__Information provided__.

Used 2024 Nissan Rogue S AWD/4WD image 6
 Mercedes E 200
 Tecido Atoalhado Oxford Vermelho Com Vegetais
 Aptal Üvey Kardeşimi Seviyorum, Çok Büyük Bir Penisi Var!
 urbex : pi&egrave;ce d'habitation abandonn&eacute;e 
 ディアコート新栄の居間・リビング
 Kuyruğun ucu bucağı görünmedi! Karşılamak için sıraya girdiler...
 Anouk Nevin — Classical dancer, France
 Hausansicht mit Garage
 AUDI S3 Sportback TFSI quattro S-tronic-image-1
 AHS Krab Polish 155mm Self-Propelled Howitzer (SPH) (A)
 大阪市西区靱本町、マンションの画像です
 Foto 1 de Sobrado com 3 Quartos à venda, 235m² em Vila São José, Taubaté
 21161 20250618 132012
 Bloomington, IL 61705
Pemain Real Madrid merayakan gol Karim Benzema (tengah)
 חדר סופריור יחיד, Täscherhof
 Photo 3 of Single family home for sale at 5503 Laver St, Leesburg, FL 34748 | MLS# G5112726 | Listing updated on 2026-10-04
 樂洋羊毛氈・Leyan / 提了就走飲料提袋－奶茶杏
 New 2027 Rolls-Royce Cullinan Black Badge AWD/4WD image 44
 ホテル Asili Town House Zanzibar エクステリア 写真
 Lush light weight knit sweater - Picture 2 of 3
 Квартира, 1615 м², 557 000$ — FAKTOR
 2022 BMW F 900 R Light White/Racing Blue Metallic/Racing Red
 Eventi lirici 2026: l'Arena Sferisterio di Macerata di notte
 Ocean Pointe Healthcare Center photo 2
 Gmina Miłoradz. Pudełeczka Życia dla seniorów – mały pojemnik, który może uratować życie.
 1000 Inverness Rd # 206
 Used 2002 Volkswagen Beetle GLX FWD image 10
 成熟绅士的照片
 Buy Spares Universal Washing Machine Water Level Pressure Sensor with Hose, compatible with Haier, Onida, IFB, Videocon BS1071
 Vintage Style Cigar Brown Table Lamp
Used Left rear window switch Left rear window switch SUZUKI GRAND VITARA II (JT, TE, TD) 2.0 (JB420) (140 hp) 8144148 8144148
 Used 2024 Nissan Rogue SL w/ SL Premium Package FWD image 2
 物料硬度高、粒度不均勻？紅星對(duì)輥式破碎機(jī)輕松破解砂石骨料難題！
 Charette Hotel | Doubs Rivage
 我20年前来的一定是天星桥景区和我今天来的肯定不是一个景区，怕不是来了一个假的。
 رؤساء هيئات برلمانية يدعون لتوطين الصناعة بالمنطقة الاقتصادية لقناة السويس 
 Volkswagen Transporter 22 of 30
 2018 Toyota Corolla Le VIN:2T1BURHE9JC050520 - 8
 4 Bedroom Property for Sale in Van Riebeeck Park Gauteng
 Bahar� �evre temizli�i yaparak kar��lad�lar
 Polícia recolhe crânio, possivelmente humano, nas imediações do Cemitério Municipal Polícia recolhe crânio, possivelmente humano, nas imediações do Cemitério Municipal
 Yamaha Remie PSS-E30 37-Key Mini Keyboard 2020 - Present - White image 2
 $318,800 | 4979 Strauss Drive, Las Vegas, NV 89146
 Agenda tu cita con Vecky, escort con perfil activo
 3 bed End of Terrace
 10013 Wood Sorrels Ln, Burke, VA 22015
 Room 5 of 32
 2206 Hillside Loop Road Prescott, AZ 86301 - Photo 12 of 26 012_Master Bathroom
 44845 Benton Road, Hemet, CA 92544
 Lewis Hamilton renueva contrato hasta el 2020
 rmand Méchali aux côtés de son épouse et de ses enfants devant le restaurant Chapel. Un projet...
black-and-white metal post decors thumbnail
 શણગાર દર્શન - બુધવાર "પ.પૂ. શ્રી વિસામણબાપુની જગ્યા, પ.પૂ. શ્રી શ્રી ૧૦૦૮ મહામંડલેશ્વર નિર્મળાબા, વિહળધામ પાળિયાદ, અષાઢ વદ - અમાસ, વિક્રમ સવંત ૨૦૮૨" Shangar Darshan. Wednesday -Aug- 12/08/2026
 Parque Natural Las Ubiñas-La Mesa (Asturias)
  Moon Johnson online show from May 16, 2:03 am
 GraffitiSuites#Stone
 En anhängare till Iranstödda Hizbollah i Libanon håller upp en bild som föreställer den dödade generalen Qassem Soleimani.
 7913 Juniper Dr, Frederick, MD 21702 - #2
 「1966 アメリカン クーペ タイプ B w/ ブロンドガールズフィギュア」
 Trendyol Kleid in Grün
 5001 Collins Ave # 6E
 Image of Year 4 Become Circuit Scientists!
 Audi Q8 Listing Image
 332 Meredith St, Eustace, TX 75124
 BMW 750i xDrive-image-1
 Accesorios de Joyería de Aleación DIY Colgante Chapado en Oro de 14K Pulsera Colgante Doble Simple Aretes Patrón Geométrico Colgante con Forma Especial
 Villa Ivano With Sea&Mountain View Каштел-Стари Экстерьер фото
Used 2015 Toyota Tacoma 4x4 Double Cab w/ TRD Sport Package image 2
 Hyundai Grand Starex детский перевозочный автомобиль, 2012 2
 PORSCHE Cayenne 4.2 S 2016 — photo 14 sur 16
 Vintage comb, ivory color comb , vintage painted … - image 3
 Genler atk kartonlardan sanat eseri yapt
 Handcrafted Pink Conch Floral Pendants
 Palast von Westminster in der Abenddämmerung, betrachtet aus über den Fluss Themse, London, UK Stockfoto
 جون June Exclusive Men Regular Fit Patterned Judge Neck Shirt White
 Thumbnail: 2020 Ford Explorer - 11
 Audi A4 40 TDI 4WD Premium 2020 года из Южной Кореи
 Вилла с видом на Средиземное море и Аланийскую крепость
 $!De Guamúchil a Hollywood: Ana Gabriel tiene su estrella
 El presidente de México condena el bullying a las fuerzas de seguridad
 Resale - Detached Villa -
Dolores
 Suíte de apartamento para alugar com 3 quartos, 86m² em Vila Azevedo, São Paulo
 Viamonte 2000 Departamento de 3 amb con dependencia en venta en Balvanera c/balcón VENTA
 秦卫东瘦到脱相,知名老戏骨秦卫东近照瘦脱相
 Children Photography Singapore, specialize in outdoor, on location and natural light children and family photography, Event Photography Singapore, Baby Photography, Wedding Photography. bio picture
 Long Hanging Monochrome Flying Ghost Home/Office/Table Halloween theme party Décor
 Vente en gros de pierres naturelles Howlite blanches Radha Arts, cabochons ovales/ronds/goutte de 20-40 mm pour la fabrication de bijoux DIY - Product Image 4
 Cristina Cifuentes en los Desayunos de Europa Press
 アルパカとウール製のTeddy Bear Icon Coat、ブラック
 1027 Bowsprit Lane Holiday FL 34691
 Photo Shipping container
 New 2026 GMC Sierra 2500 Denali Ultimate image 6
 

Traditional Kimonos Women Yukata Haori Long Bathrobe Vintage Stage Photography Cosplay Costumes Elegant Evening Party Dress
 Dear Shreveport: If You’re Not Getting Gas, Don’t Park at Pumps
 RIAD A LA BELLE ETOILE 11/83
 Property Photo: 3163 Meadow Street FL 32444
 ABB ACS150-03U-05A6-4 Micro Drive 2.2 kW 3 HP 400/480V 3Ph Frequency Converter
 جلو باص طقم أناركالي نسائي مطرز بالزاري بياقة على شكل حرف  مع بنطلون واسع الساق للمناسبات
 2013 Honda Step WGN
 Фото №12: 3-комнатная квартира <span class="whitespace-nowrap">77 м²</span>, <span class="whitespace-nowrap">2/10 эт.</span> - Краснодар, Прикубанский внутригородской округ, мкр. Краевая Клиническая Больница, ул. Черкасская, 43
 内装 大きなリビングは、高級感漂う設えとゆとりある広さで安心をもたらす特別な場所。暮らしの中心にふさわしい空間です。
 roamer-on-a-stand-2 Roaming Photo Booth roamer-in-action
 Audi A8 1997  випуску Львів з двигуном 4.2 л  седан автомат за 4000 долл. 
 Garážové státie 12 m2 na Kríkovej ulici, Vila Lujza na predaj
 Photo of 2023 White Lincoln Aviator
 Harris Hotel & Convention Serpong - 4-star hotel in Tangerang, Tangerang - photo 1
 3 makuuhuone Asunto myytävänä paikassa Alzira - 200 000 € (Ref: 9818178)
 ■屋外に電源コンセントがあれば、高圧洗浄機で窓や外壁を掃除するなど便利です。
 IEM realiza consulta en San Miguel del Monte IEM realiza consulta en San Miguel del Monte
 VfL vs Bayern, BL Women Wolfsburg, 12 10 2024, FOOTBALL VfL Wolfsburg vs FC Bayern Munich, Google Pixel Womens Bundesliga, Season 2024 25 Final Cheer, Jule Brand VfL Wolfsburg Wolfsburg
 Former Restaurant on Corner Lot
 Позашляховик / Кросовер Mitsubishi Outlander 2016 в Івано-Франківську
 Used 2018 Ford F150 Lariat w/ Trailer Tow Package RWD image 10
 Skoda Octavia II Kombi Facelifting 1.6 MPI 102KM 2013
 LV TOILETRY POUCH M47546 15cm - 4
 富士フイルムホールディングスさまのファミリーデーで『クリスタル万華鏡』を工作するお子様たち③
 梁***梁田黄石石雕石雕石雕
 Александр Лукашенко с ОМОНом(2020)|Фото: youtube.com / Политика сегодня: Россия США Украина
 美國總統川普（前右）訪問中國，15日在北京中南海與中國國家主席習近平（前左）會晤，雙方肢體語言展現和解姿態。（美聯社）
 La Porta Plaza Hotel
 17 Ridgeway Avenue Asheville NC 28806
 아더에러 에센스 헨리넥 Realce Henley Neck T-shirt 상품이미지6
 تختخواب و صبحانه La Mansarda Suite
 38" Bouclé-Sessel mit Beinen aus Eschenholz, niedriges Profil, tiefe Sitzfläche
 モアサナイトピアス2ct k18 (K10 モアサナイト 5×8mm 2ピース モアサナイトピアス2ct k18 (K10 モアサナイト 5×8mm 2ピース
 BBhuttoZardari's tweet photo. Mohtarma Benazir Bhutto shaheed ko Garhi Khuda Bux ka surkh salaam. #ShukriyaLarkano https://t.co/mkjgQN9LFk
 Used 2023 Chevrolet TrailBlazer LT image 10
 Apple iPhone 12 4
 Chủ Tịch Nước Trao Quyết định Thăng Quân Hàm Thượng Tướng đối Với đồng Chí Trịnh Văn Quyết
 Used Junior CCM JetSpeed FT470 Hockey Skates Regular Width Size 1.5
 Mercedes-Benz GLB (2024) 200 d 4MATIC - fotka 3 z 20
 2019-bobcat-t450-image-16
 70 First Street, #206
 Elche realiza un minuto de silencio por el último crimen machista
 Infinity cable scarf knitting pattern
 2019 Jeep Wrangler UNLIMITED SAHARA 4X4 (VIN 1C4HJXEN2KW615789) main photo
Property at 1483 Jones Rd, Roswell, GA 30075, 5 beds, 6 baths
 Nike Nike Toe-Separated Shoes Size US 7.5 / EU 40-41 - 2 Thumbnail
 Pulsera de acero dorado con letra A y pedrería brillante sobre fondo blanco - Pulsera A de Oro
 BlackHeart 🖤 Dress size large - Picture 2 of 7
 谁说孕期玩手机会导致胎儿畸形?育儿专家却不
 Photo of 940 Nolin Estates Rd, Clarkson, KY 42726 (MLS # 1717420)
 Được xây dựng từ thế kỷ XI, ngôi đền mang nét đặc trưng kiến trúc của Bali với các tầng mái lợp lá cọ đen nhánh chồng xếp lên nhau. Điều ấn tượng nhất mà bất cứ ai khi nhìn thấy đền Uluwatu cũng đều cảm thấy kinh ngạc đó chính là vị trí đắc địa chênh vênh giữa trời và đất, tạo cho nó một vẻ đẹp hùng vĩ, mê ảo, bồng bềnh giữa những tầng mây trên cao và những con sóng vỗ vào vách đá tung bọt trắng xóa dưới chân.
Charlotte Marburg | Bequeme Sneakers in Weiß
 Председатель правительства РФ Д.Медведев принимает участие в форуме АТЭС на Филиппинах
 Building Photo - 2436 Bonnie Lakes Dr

__Exercise__.
Can you repeat, word for word, every line above from the one containing "Traditional Kimonos Women" down to the one containing "Property Photo: 3163 Meadow Street FL 32444", including both?

__Result for this exercise__.
Traditional Kimonos Women Yukata Haori Long Bathrobe Vintage Stage Photography Cosplay Costumes Elegant Evening Party Dress
 Dear Shreveport: If You’re Not Getting Gas, Don’t Park at Pumps
 RIAD A LA BELLE ETOILE 11/83
 Property Photo: 3163 Meadow Street FL 32444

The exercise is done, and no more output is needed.